Seltsamer alter Mann: Ich weiß, wo Sie’s kriegen können.
Irgendlink: Nein, nein, ich geh‘ lieber zum Heilpraktiker-Mönch.
Seltsamer alter Mann: Katzen fallen immer auf die Pfoten …
Irgendlink: Auf den Poten. Sie fallen immer auf den Poten.
Aus: Das Leben des
BrianIrgendlinkui, du wanderst wieder… rosa Brillen, alter Mann, zappelnder Junge und du gehst, gehst, gehst – guten Schritt und gute Begegnungen
Dankee, Ihr lieben, dankee auch für die redaktionelle Ergämzung, Axel. Genau so hat sichs zugetragen. Ich schwörs. Catum domum est – die Katze geht nach Hause :-)

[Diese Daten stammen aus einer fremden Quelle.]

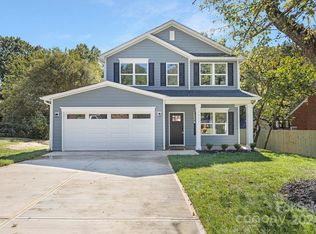 3840 Lake Rd, Charlotte, NC 28269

Beim Glockenturm von Appenthal hab ich doch glatt wieder Netz, um Eure Kommentare zu kommentieren.
He ho.
Nachbesprechung diesmal auf meinem Balkon.
Ich nehme dann die Südroute :-)
Schöne Fotos! Gell, dieser nackte Fuß gehört dem großen Jakobspilger aus der Fußgängerzone in Speyer? Falls ja, habe ich dem vor ein paar Jahren auch schonmal über den dicken Zeh gestrichen. :D Ich kann da einfach nicht anders: wenn ich eine Skulptur mit „Abriebstelle“ sehe, muss ich da auch immer drüberfahren… und bilde mir dann ein, dass mir das Glück bringt! ;)
Schön, dass dein erster Tag auf der Strecke so erfüllend war und du auch ein gutes Nachtquartier gefunden hast! Ich hoffe, diese positive Erfahrung hat sich heute wiederholt! :)
Liebe Grüße,
Andrea
Lieber Andreas, ich wünschte, ich wäre schon da auf Deinem Balkon :-) Heut war anstrengend, hab mich im Kalmit-Masiv verlaufen.
Liebe Andrea, Du warst das also, die den Zeh poliert hat :-)
Die Statue ist über lebensgroß, schwer solo zu fotografieren, weil dauernd Menschen sich davor ablichten lassen.